# Electronic – is the voltage of a capacitor equal to the voltage of a battery connected it

capacitorcapacitor chargingcircuit analysisresistors

I am confused by this question.
If we connect a resistor in series to capacitor then the voltage will drop across the resistor and now voltage across the capacitor is less than the source, then why would capacitor charge till it has volts equal to the source?

and why in the below image when the capacitor is fully charged, its voltage is not same as source?

If we disconnect the capacitor from the circuit we get this circuit:

simulate this circuit – Schematic created using CircuitLab

Let us close our circuit (12V battery and two resistors) in the black-box. We only have a access to A and B terminals. And now let us try to find out what is inside the box, without opening the black-box.
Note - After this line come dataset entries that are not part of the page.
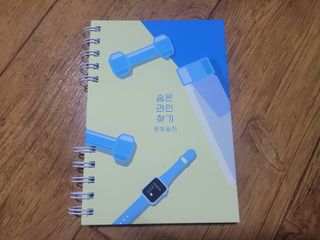 파랑새41님이 올린 리뷰 사진 1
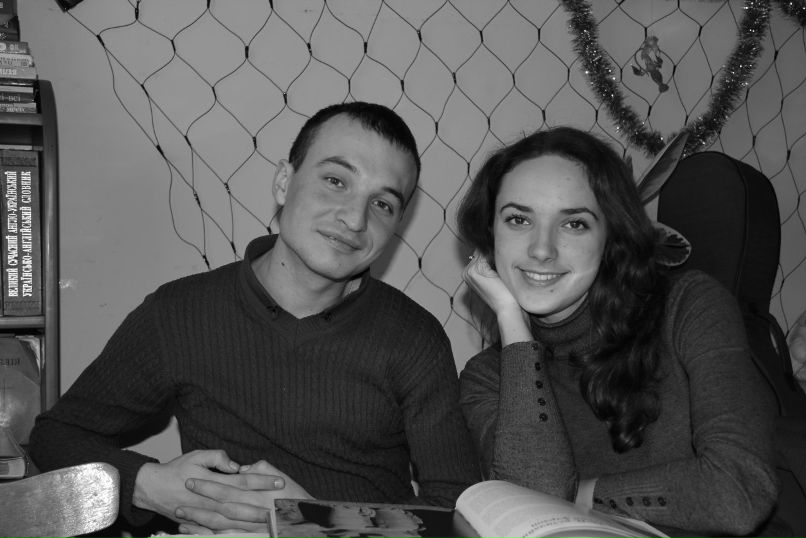 Квітка Весняна @->->-- | Киев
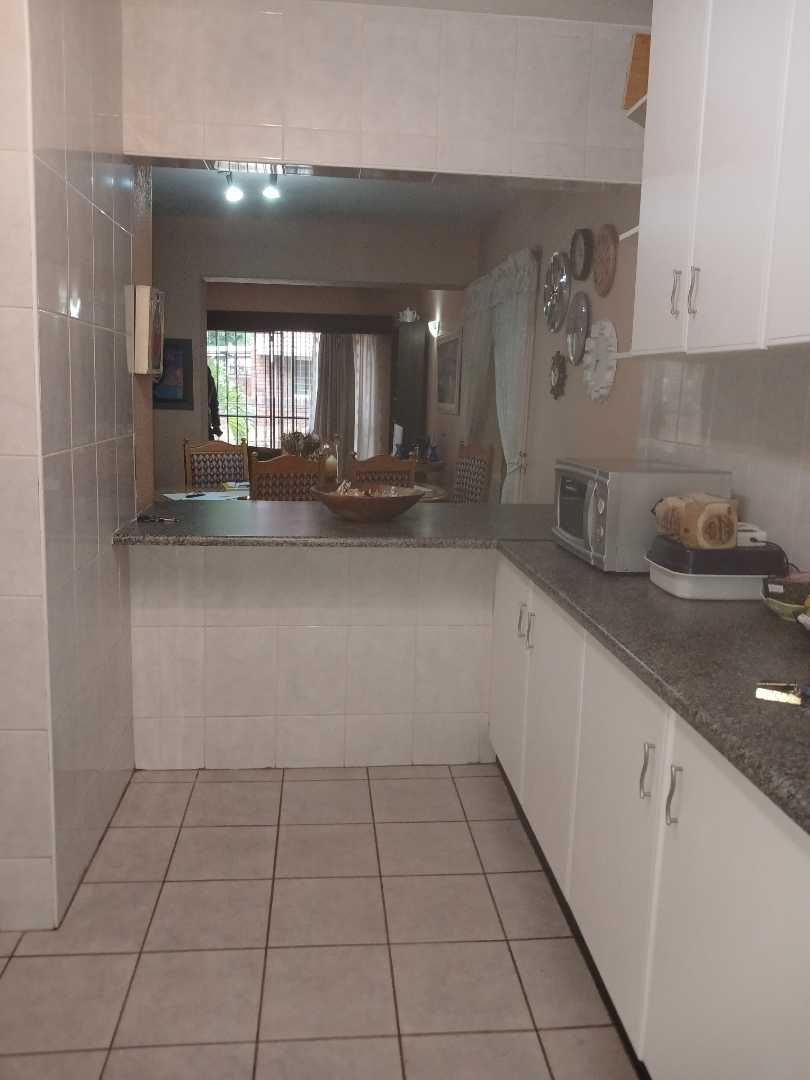 4 Bedroom Property for Sale in Boksburg Gauteng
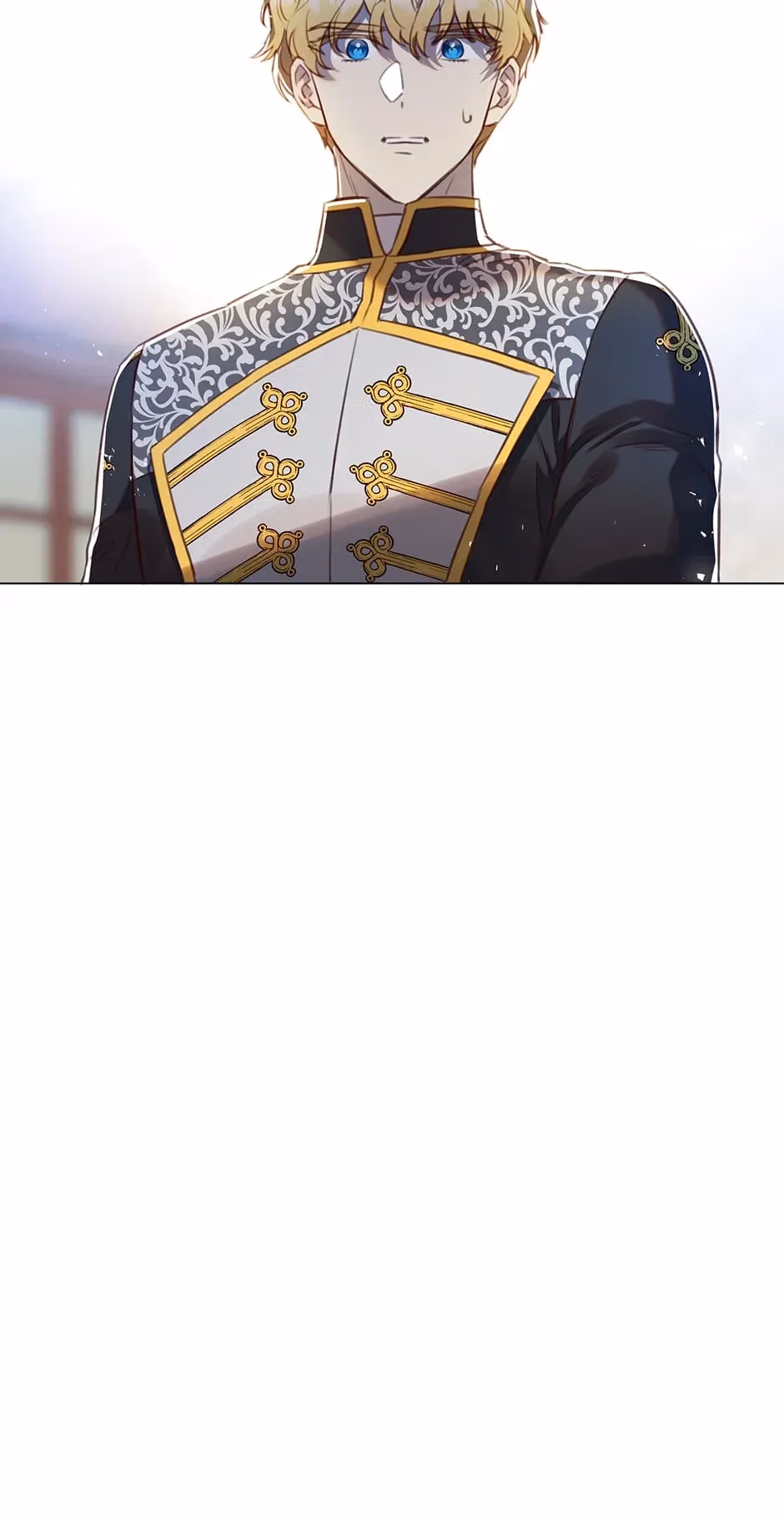 A Most Virtuous Villain Chapter 67 page 79 - 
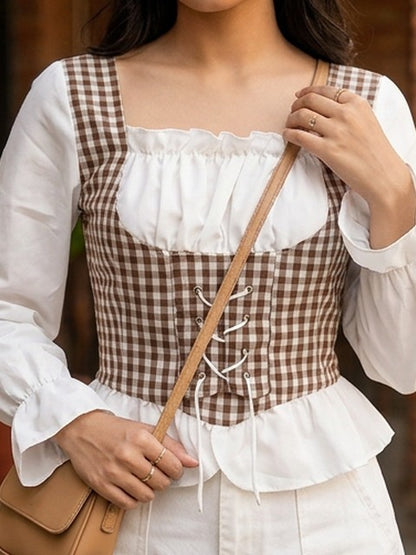 Style View 4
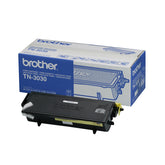 Brother TN-3030 - Negro - original - cartucho de tóner - para Brother DCP-8040, 8045, HL-5130, 5140, 5150, 5170, MFC-8220, 8440, 8840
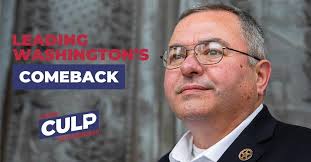 WSU College Republicans (@wsucollegereps) • Facebook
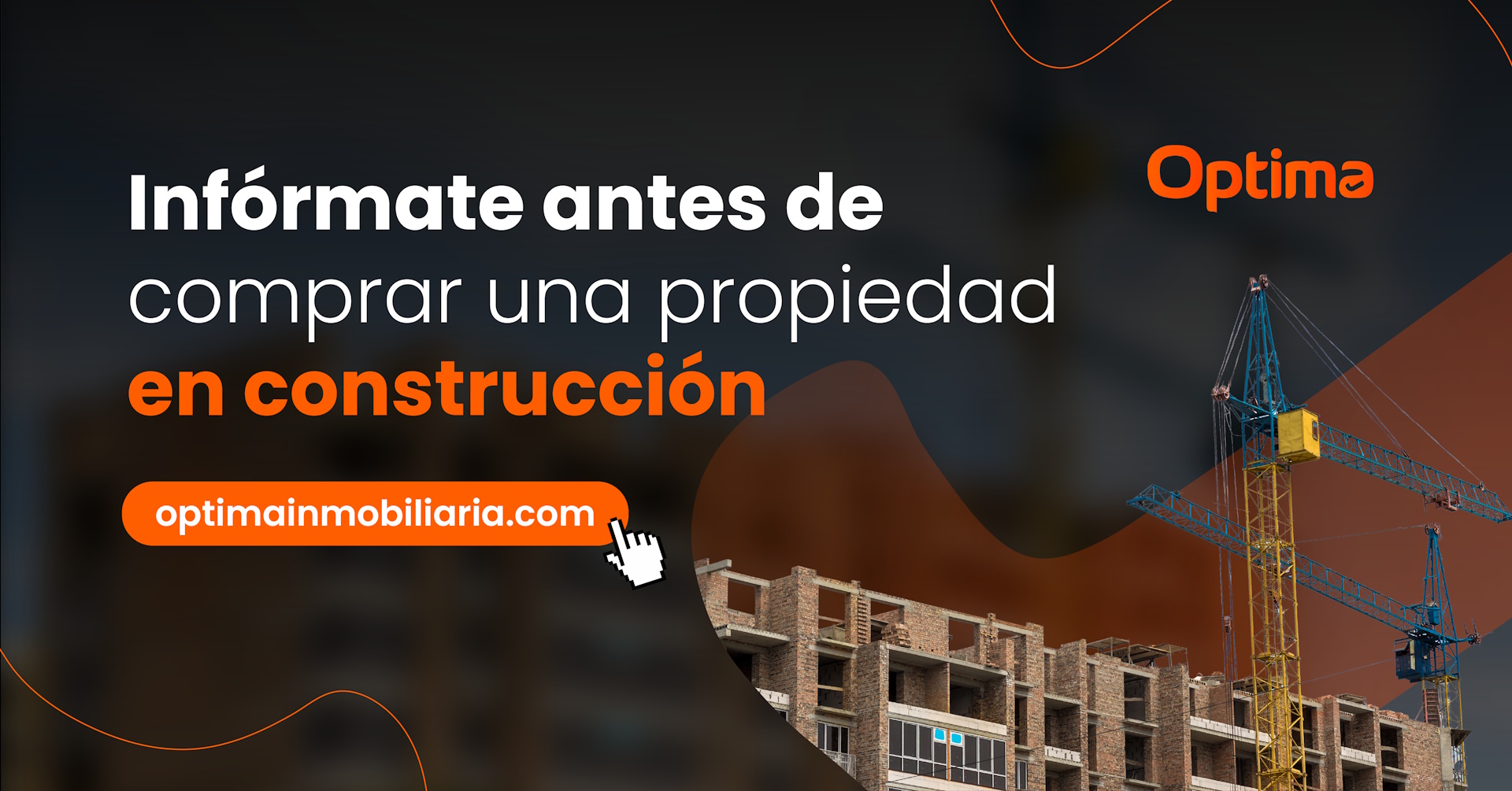 Todo lo que Necesitas Saber Antes de Comprar una Propiedad en Construcción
What can we do? Well, we can measure the voltage across AB terminals.

And this voltage happens to be equal to Vth = 16V (24V * R2/(R1+R2))

We also can connect external load resistor and measure the corresponding voltage and current. But we are brave enough and we shot-out A and B terminals. And measure the short-circuit current Isc = 6A (24V/R1)

Based on only those two measurements we can draw the following conclusion. Our black-box is seen by the outside world as an ideal 16V voltage source with internal resistance equal to

Rth = Vth/Isc = 16V/6A = 2.667Ω (Rth = R1||R2)

So, we can remove our black-box from the circuit. And we replace the black-box with his equivalent circuit. The 16V ideal voltage source with 2.667Ω internal resistance.

simulate this circuit

And I hope that now you can see that our capacitor will see this equivalent circuit. And this is why capacitor stops charging when the voltage across the capacitor reaches 16V.

Later on, you will be introduced to the Thevenin's theorem. It will help you understand this stuff better.